Our blogger refers to General Pervez Musharraf’s rejection of Huntington, which can hardly be ranked among the intellectual masterpieces of the world, and then takes account of Fatima Bhutto’s flawed memoir, Songs of Blood and Sword: A Daughter’s Memoir (2010), in which she is also careless with facts marshalled against her aunt, Benazir Bhutto. Benazir’s own book, Reconciliation: Islam, Democracy and the West (2008), was a rejection of Huntington. But it was hardly intellectually equal to Huntington’s work. Ironically, when she was killed in Rawalpindi, the al-Qaeda spokesman owning up to her assassination referred to her as “an American asset”. That’s the bitter truth. We opponents of the “clash” are considered “assets” of the civilisation being attacked. That would make Huntington wince.

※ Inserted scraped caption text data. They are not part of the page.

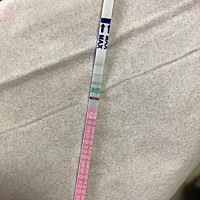 上月11月20号来的月经，这月也是20号来，但很少很少，不像往常，居然用护垫就行，现在测排卵就这样正常...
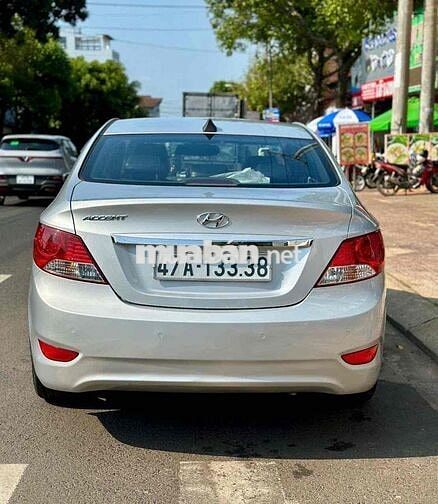 Hyundai Accent 2014 1.4 MT - 100000 km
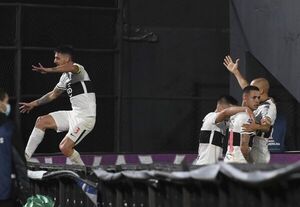 Olimpia, superando barreras - Fútbol - ABC Color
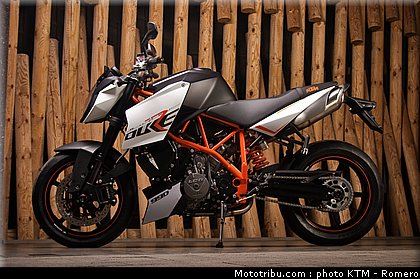 990_super_duke_006_ktm_2012.jpg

It is accepted that the burden of “integrating” is primarily on the immigrant and secondarily on the host state. As for the “assimilation” of Muslims, we know from a lot of research on why Muslims — not so much Hindus, Chinese, Vietnamese, and others — fail to integrate in the West. Huntington had imagined the West’s clash with “Confucian, Japanese, Islamic, Hindu, Slavic-Orthodox, Latin American and possibly African” civilisations. It seems Muslims have taken him more to heart than the others. Gilles Kepel wrote about why expat Muslims didn’t integrate, a finding confirmed by Ziauddin Sardar. Why have the Hindus, controlling the diamond-cutting markets of Belgium and Holland, not “clashed”, even when a lot of them support the BJP at home, where Christians are being hounded?

The latest news from the UK is how expat Muslims are savaging their women through arbitration councils. Britain has 1.5 million Muslims, the largest chunk of them from Pakistan, and therefore whenever Muslims clash with the state, mostly under Salafi influence, it is Pakistan that gets highlighted as the home of extremism. Most Pakistanis there were “permissive” Sufi-oriented Barelvis from Azad Kashmir in the 1950s, where Deobandism had not yet annihilated Sufism, as it was to do during jihad in the Indian-administered Kashmir. In Britain too, Barelvi dominance gave way to Deobandism before merging with hard Salafism.

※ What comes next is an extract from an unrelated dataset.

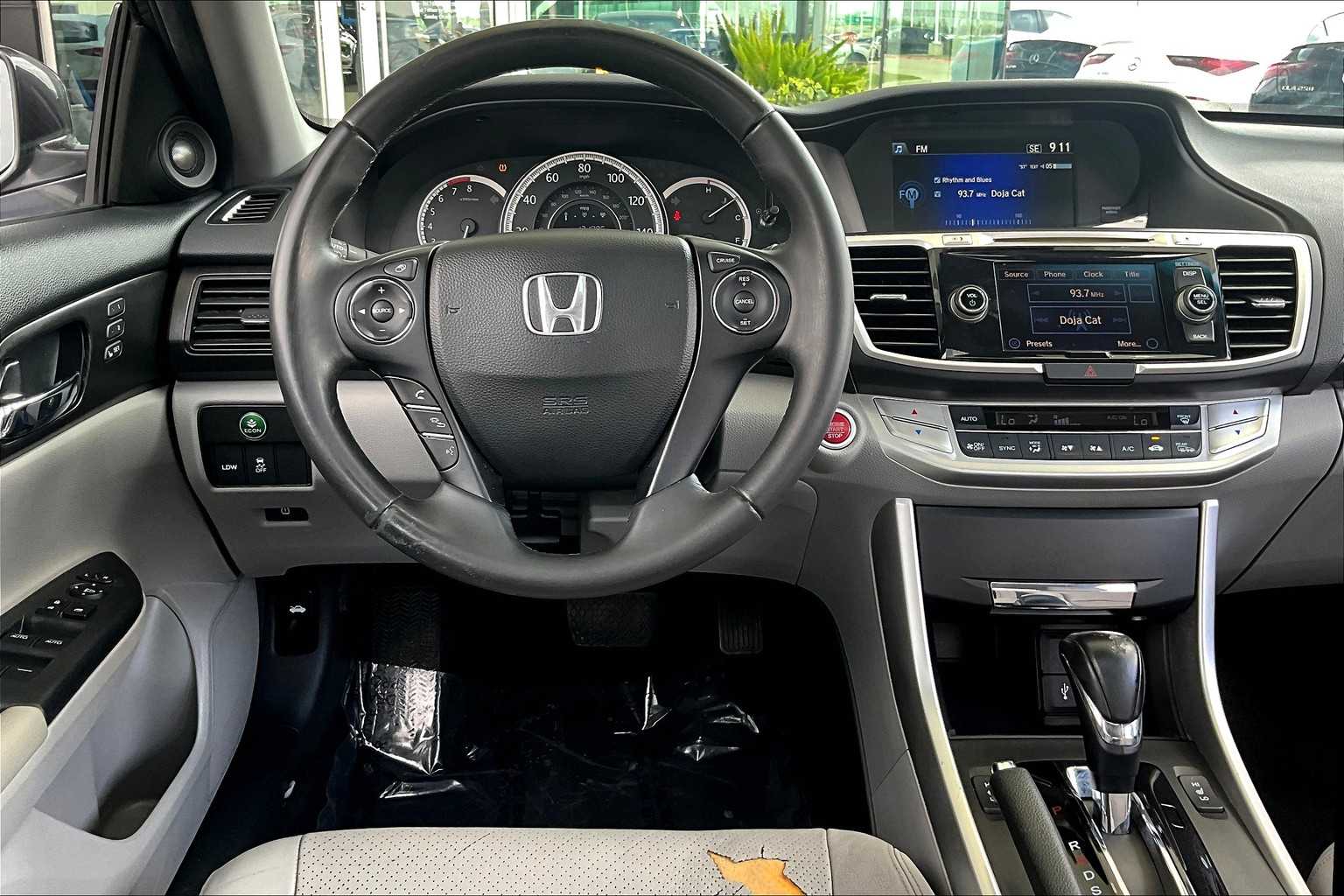 2015 Honda Accord EX-L photo 5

Tablighi Jamaat is the big symbol of hard Islam that Muslim Britons have embraced. It built the biggest mosque in Europe in East London, scaring Britons as Islam never had before. The mosque is built over three storeys and is Britain’s largest religious building, capable of holding 40,000 worshippers. This compares with a modest 3,000 for the UK’s largest place of Christian worship, Liverpool Cathedral. The July 7, 2005 attacks, when mainly Pakistani Muslim Brits blew up the underground train and a bus in London, was no doubt inspired by 9/11, but it was nurtured by the 1989 agitation against Salman Rushdie.

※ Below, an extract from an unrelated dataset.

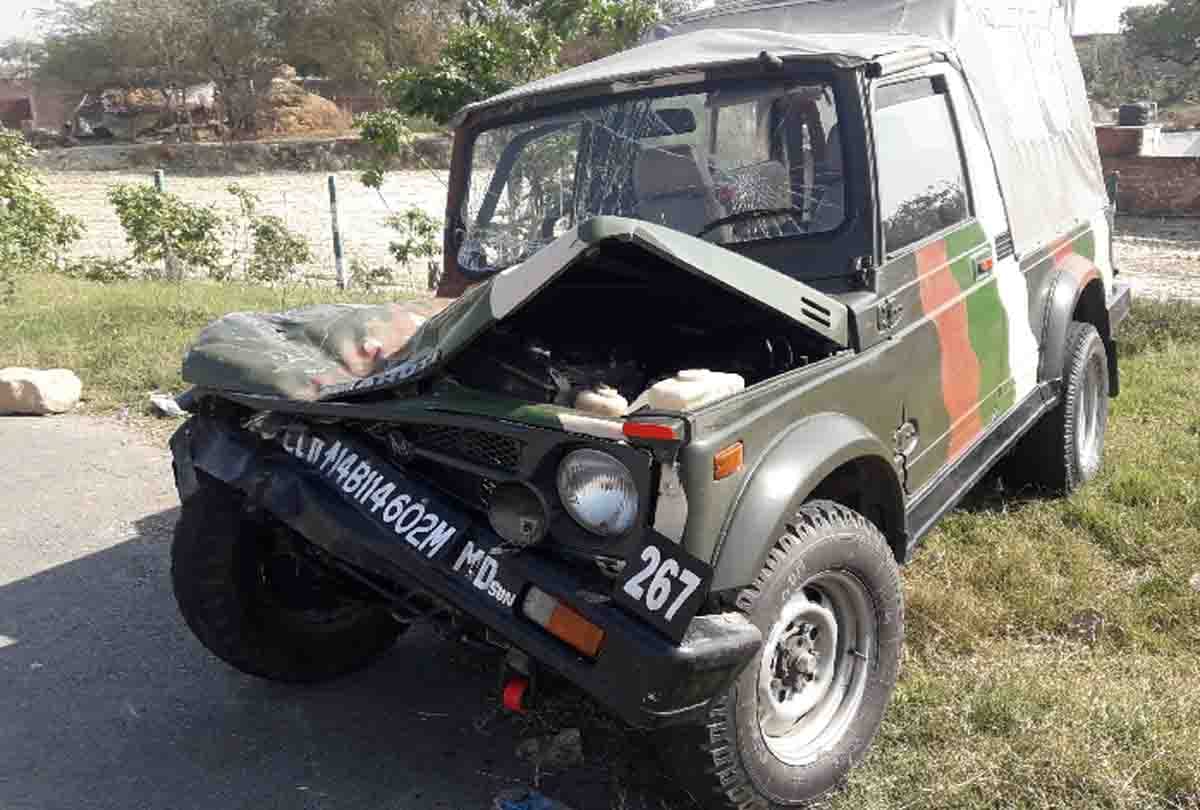 accident in Agra-Lucknow Express, truck hits Army Gypsy, two soldiers injured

With the rise of Hizb ut-Tahrir and the open instigation to acts of violence by Egyptian Abu Hamza al Masri (jailed and deported to America), the “assimilationism” of France began to look benign compared to the “multiculturalism” of Britain. Pakistani Muslims found themselves unemployed three times beyond the national average and jails indicated that crime was also highest among them. A 2007 survey found Muslims to be interested in radical ideas, 12 per cent admiring al-Qaeda, a majority saying women should wear the veil, and 60 per cent blaming the arrogance of the West for world problems. There were 1,600 British-born terrorists in Britain in 2007 claiming to have connections with al-Qaeda.

I was shocked by a cousin in Liverpool when he wrote to say that female circumcision was allowed in Islam, something he would never have said when heused to meet me in Lahore in our younger days. As I write, someone has shot a Christian-American doctor in Karachi in the face the same way the IS is killing Christians in Syria-Iraq and taking women as concubines. And the Human Rights Commission of Pakistan in Lahore asks: “In Pakistan, 95 per cent Muslim, why are we intolerant of people of other faiths?” My answer is: why leave out the Muslims? The ghost of Huntington is bemused as Muslims clash “within” their own civilisation.